En los años veinte sus poemas se sabían de memoria. En los treinta tradujo a Shakespeare y a Goethe: la única manera de sobrevivir sin traicionarse. En 1956 terminó El doctor Zhivago, una novela sobre cómo la revolución tritura las vidas de personas que solo querían amar y escribir versos. El manuscrito salió clandestinamente hacia Occidente; en 1958 Pasternak recibió el Premio Nobel.

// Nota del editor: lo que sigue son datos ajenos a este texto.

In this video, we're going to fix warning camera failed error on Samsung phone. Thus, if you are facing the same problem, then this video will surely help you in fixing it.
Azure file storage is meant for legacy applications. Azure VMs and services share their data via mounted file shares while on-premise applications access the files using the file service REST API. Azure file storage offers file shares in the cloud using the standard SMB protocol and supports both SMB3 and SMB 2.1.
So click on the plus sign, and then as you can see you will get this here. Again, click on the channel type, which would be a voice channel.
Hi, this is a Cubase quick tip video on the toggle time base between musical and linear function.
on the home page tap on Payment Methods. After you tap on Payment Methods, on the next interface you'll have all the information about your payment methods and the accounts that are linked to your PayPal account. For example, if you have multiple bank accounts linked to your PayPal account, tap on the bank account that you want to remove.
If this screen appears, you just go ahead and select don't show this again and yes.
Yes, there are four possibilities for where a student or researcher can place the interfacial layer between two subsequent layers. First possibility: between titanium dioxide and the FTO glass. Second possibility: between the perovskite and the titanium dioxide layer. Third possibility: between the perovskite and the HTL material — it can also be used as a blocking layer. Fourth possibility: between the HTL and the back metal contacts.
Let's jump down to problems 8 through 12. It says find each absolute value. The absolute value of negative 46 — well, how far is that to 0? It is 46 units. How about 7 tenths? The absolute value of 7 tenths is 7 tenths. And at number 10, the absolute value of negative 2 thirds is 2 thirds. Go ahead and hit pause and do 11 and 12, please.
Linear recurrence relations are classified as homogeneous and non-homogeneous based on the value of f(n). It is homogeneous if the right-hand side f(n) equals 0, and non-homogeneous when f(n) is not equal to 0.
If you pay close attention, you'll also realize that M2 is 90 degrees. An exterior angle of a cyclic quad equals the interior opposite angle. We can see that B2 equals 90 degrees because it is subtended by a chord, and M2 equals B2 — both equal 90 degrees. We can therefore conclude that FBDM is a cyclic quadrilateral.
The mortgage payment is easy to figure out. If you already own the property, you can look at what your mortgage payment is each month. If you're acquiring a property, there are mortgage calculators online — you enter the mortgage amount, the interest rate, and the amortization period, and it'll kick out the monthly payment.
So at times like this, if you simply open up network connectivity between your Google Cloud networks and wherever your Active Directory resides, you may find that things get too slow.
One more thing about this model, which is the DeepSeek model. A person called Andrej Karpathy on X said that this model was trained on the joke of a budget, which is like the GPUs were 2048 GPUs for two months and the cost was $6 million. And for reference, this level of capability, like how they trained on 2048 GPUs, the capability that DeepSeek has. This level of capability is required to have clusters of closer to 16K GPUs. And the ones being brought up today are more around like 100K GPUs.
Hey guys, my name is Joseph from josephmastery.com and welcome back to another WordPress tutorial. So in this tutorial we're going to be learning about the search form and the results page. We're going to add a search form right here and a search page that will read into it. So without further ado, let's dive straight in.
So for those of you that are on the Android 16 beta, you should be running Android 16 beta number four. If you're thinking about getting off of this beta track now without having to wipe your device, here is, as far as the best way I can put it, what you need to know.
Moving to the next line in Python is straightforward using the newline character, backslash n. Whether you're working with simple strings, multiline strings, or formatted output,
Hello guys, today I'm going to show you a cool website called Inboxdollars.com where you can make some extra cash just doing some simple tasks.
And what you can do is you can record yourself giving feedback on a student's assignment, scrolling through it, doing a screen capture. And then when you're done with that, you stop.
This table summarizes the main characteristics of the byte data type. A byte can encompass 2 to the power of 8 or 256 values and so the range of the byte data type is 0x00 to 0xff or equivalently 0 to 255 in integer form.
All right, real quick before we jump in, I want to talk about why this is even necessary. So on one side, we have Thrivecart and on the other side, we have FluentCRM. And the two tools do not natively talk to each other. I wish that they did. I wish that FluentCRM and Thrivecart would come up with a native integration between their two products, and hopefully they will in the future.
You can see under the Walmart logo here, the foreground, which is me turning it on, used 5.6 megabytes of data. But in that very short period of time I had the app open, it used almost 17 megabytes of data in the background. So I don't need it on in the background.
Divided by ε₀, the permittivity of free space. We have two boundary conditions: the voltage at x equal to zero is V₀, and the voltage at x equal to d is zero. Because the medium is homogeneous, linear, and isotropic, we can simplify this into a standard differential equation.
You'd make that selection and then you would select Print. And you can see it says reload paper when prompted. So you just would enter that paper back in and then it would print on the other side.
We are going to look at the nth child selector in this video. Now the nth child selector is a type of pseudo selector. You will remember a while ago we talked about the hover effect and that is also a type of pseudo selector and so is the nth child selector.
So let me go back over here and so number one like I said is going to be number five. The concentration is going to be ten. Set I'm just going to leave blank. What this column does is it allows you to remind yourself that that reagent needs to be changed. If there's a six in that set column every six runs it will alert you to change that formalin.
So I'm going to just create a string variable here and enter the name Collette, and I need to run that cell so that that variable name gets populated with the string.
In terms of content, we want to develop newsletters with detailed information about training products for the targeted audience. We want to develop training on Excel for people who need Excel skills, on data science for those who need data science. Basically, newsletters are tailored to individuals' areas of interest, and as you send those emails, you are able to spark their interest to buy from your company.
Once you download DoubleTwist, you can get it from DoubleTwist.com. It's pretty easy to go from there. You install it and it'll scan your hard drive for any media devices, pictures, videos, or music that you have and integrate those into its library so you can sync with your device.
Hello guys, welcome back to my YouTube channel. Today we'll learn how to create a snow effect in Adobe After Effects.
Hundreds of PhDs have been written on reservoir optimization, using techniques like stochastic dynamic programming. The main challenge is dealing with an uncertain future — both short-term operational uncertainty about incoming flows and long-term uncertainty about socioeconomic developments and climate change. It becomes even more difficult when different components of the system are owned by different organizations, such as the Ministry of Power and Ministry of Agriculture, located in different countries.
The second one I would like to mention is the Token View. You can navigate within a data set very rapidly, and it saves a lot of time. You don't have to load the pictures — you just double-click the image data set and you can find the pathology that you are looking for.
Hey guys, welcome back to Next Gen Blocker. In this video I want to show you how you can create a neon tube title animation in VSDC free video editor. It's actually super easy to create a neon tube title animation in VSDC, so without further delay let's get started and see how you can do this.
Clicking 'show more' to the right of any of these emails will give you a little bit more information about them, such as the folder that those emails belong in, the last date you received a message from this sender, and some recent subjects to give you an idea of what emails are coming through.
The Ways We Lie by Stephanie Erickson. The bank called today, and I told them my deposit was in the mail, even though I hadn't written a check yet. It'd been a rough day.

El Estado soviético respondió con la persecución. La Unión de Escritores lo expulsó. Los periódicos exigían que aquel «Judas literario» fuera deportado. Pasternak renunció al premio, para no ser desterrado del país donde estaban las tumbas de quienes amaba. Dos años después murió de un cáncer de pulmón. Cientos de personas acudieron a su entierro en Peredélkino, sin anuncio alguno, solo de boca en boca.